§ **DATA SHOWN**:
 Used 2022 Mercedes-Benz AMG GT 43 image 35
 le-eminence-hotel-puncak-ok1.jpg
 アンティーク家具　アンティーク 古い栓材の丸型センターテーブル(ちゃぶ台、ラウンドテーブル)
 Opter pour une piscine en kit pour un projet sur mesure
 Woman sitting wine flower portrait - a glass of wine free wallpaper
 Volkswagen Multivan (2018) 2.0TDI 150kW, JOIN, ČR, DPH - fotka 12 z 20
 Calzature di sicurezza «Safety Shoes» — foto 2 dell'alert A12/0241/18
...
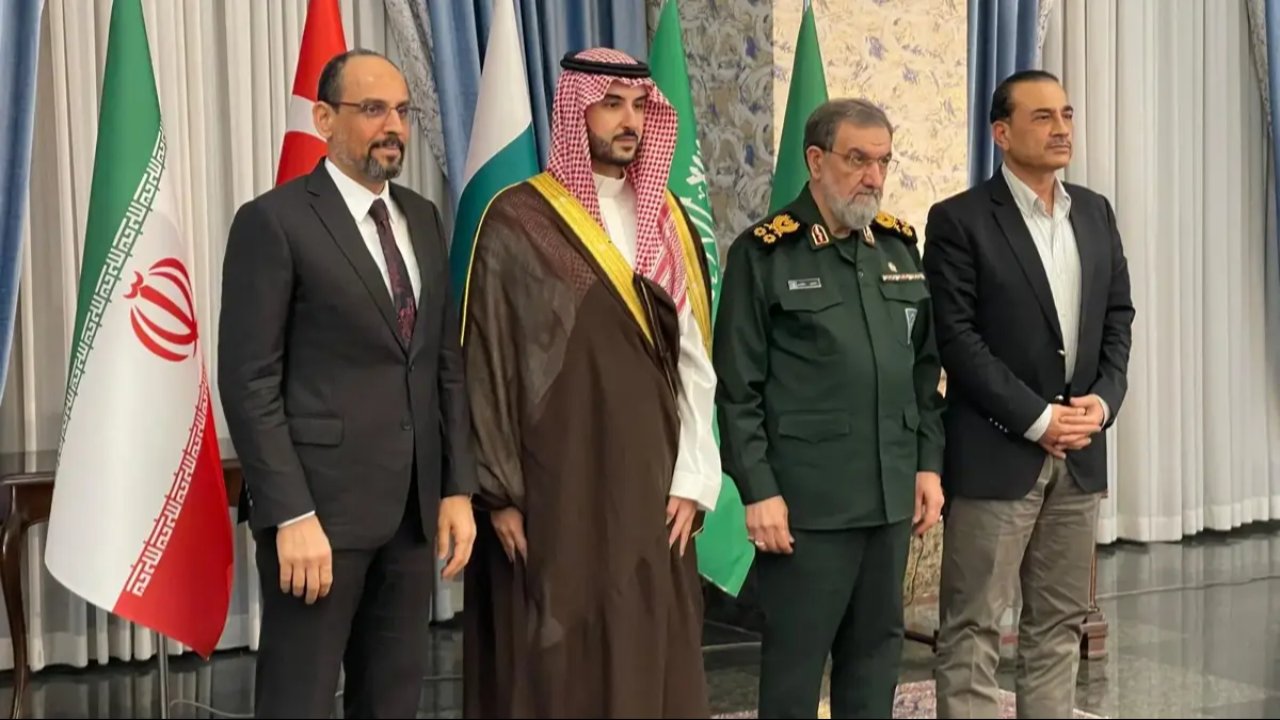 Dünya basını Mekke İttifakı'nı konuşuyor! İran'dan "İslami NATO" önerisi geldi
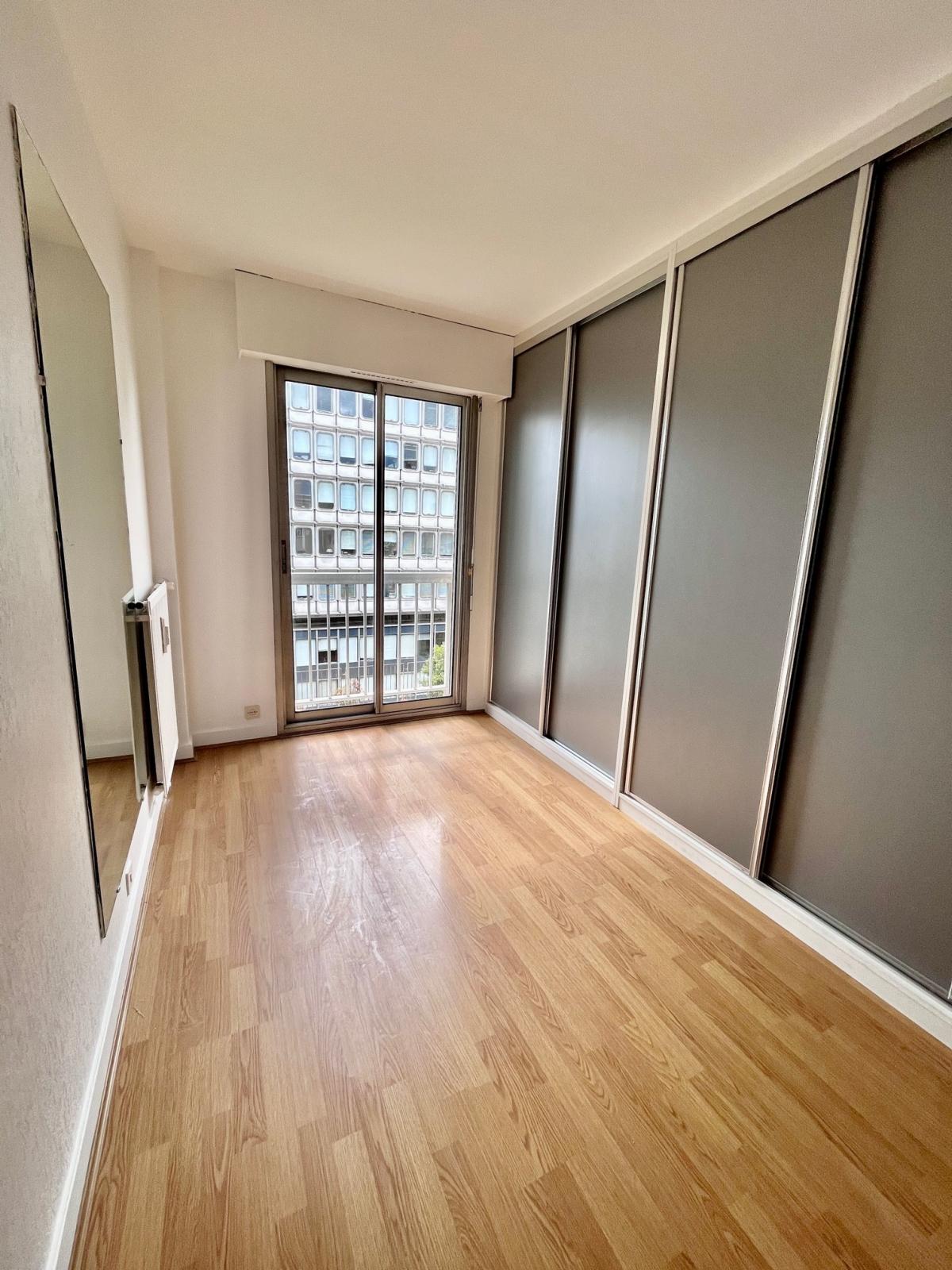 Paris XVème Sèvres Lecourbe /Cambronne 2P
---
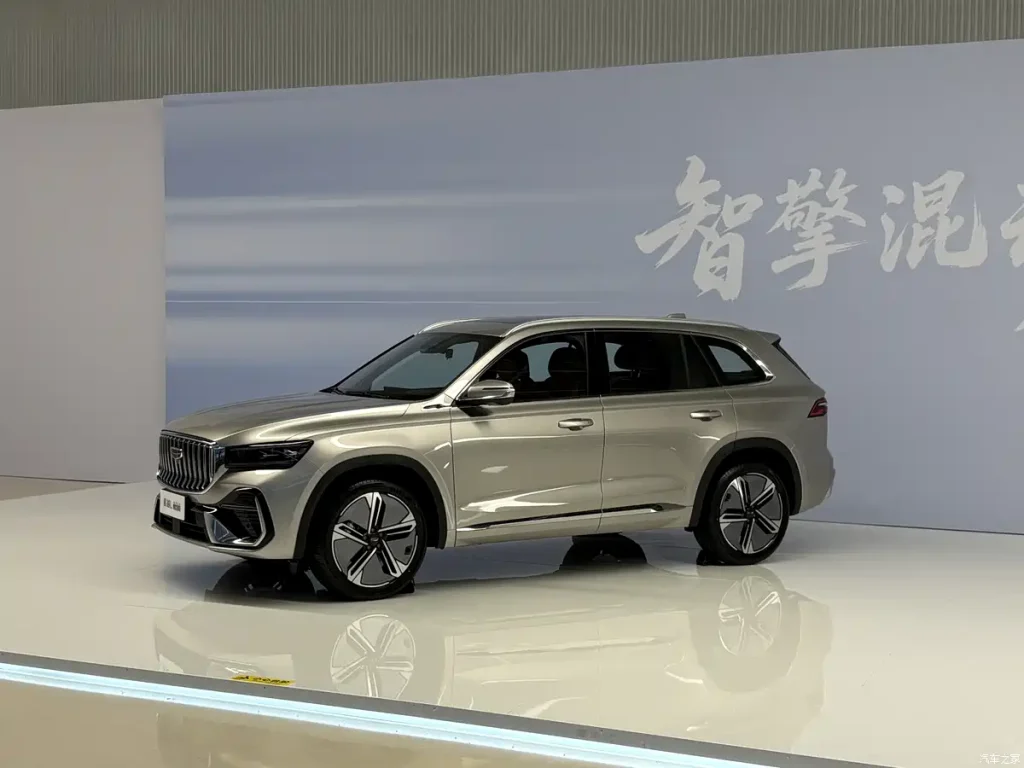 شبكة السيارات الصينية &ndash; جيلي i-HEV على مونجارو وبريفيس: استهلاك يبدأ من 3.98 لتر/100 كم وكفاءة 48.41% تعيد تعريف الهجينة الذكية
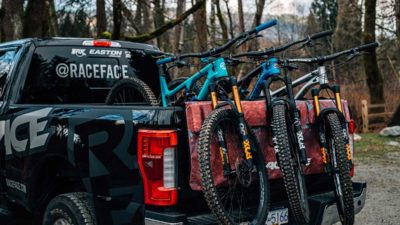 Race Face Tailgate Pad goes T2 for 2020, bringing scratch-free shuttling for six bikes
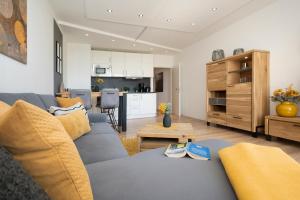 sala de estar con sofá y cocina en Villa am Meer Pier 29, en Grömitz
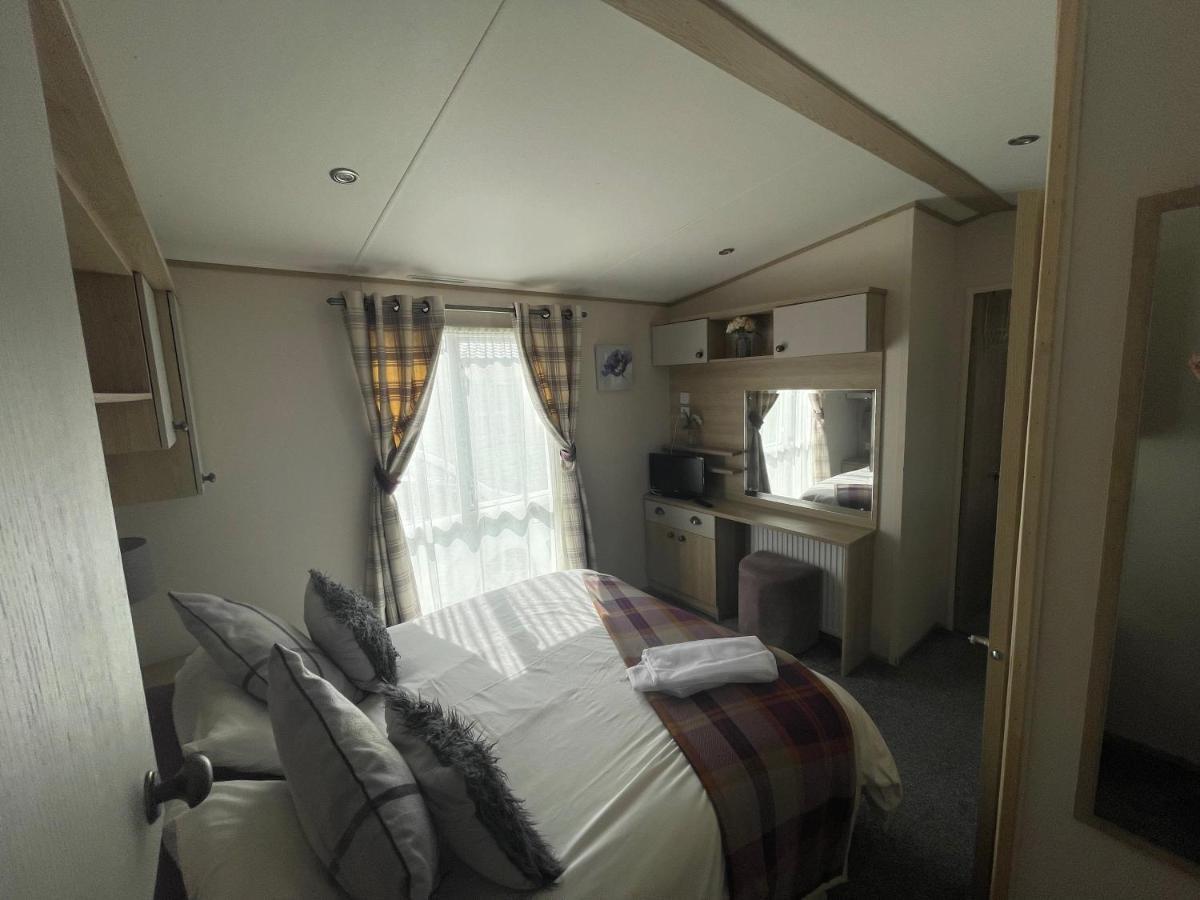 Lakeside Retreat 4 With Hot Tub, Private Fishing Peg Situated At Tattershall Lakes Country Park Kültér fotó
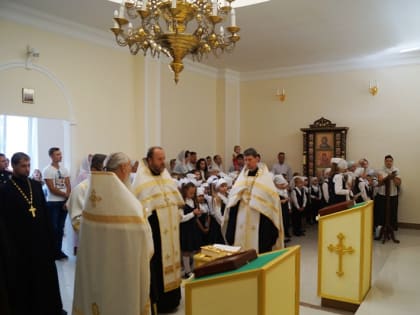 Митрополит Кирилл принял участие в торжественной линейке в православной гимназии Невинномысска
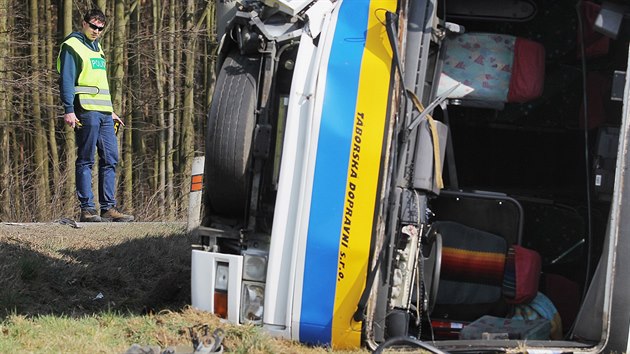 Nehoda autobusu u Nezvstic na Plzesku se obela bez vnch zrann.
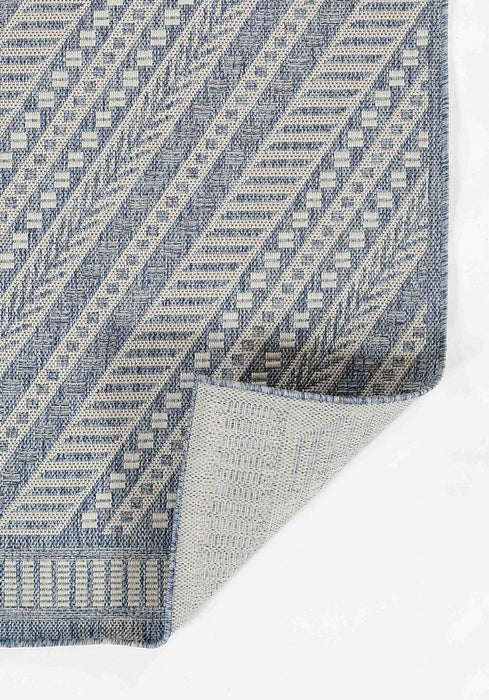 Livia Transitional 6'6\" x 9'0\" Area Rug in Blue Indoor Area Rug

§ **WORK TO BE COMPLETED**: Taking the records above, retype every line from the one with "Volkswagen Multivan (2018)" down to the one with "Calzature di sicurezza", exactly and with nothing else.

§ **RESULT OF THIS EXERCISE**:
 Volkswagen Multivan (2018) 2.0TDI 150kW, JOIN, ČR, DPH - fotka 12 z 20
 Calzature di sicurezza «Safety Shoes» — foto 2 dell'alert A12/0241/18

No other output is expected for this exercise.